SEATTLE — A retired Air Force major is asking a federal court to declare Washington’s cyberstalking law unconstitutional, saying he’s been threatened with prosecution — and up to a year in jail — for repeatedly making online posts that criticize a community activist.

Richard Lee Rynearson III filed the lawsuit against Attorney General Bob Ferguson and Kitsap County Prosecutor Tina Robinson in U.S. District Court on Tuesday. It’s within his free-speech rights to publish such criticism, he said.

One of his attorneys is Eugene Volokh, a University of California-Los Angeles law professor who in May challenged a similar law in Ohio.

“How can it possibly be constitutional to ban mean speech online?” Volokh said. “If someone is appalled by a local official and wants to embarrass them by posting things online, that’s a crime?”

Rynearson, of Bainbridge Island, has repeatedly written posts that criticize — but don’t threaten — Clarence Moriwaki, who founded a memorial there to the internment of Japanese-Americans during World War II. He insists that those who condemn the internment should also strongly speak out against the government’s indefinite detention powers in the war on terror, but that Moriwaki hasn’t.

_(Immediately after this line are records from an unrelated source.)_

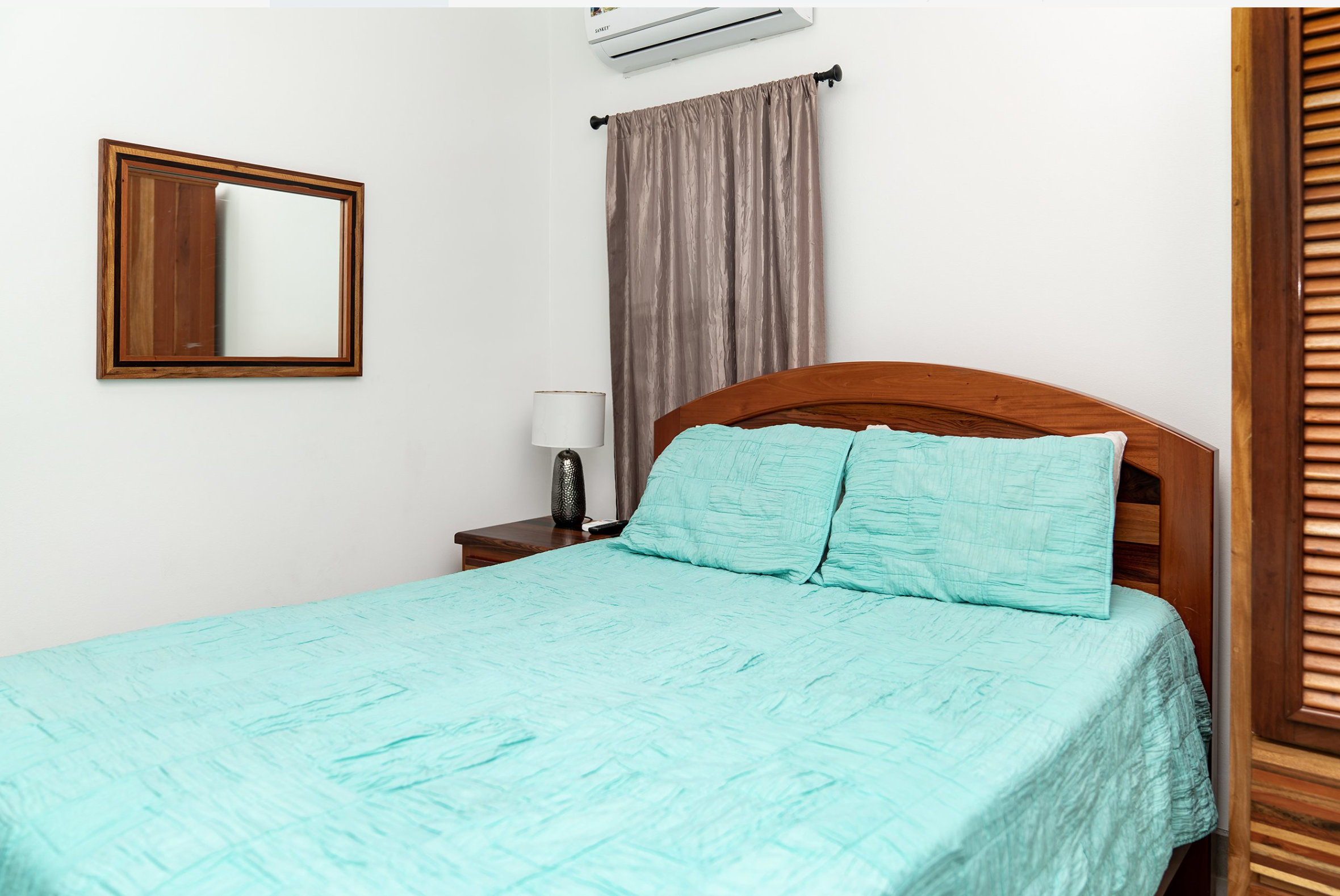 Bedroom interior with a wooden bed frame and a mint green quilt. A bedside table with a lamp is on the left, and a rectangular mirror hangs on the wall. A curtain covers the window above the bed.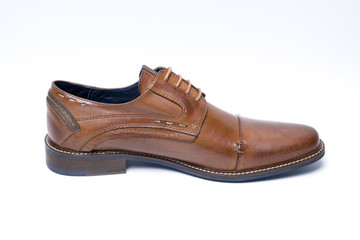 Male brown leather shoe on white background, isolated product, comfortable footwear.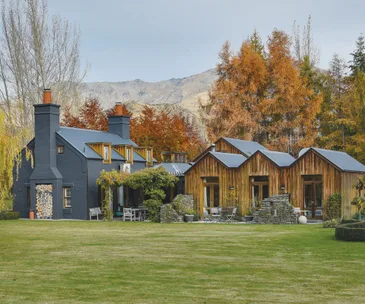 This grand Arrowtown home offers lodge-like living on picturesque grounds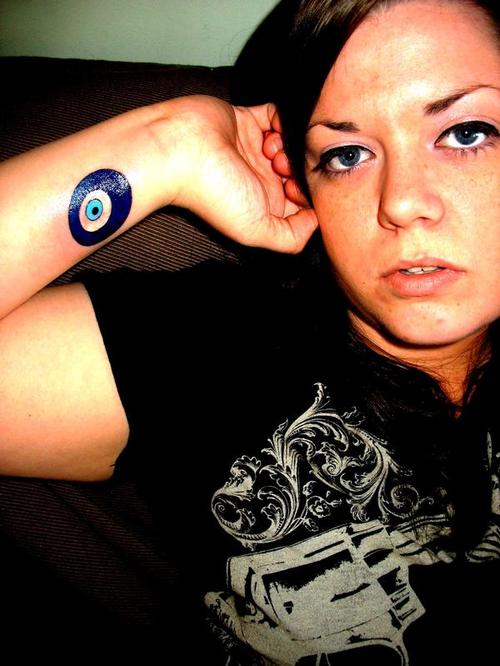 Nice Blue Evil Eye Tattoo On Wrist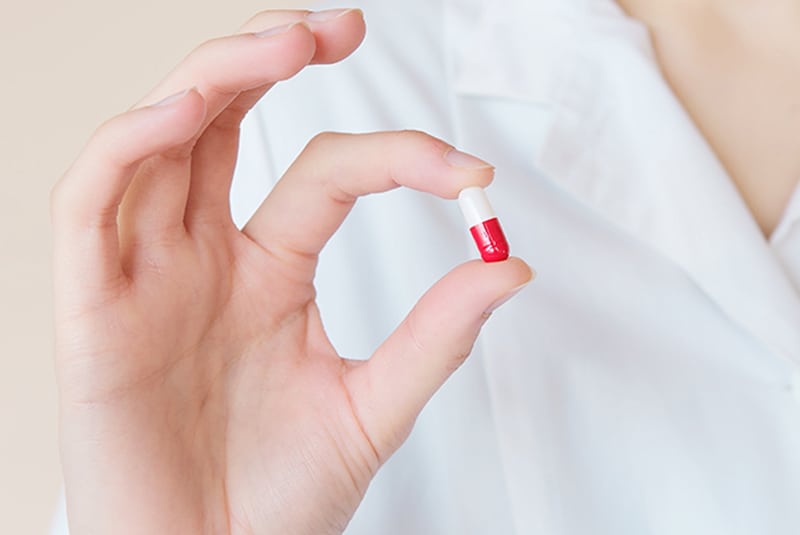 eine Krankenschwester demonstriert eine kleine Pille, die sie mit den Fingern hält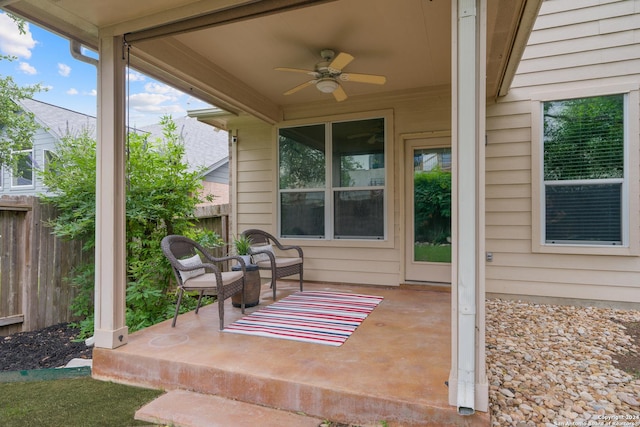 view of patio featuring ceiling fan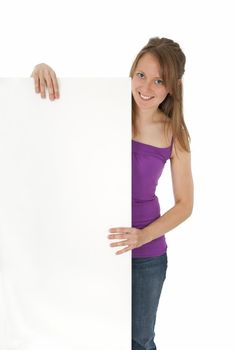 Casual young women holding a blank banner ad, smiling. Isolated on white.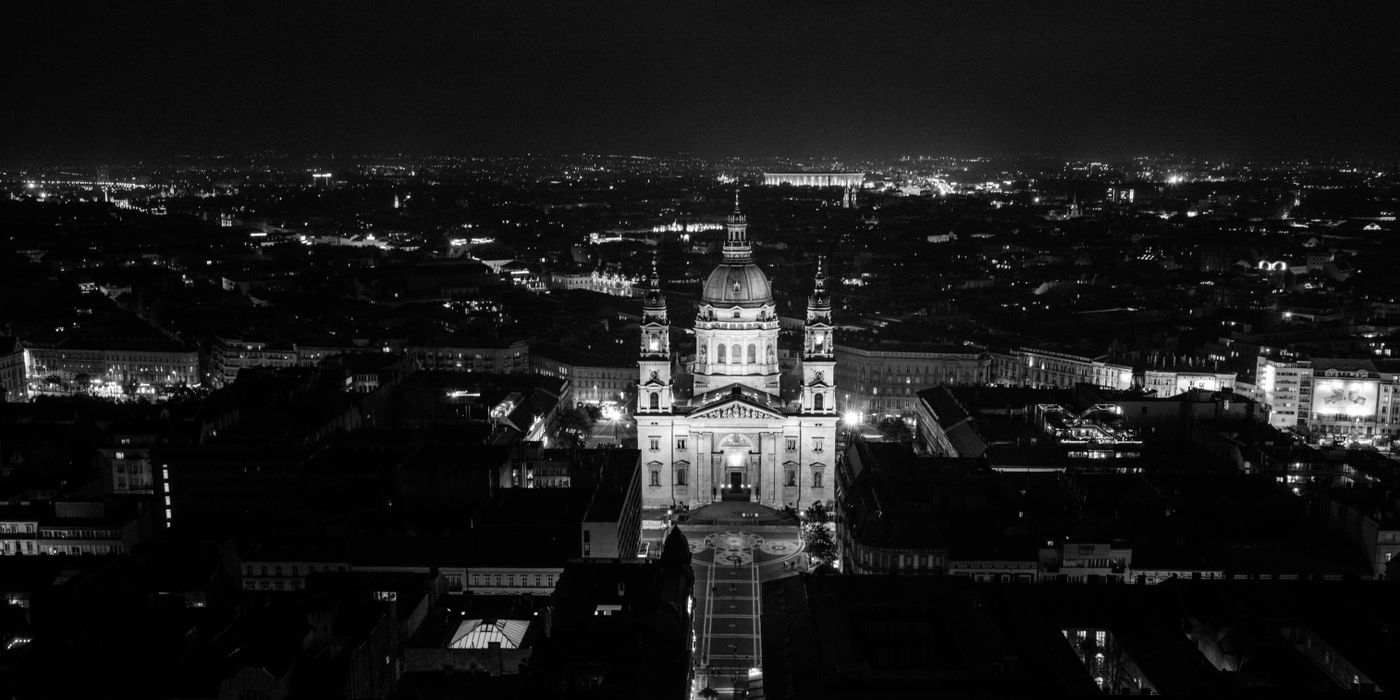 Black and white aerial view of St. Stephen's Basilica illuminated at night in Budapest, Hungary.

After Moriwaki obtained a temporary restraining order and filed a police report last spring, saying he was being harassed by incessant text messages and Facebook posts, investigators recommended that Rynearson be charged with cyberstalking. A deputy prosecutor in Kitsap County suggested in an email to Rynearson’s lawyer in that matter the office might file charges if his behavior continued, but he has not been charged.

“He just won’t leave me alone,” Moriwaki said Wednesday. “I told him to stop posting about me, to stop contacting me, and he won’t. He’s a classic cyberbully.”

Washington’s cyberstalking law, passed in 2004, makes it illegal to send electronic communications repeatedly or anonymously with an intent to “harass, intimidate, torment, or embarrass” someone — whether the message is sent directly to the target or to someone else.

Supporters of such laws say they’re needed to cut down on cyberbullying, but critics say the measures criminalize common online behavior, not to mention speech protected by the Constitution. Similar online harassment laws have been struck down in years past by state courts in New York and North Carolina, Volokh noted.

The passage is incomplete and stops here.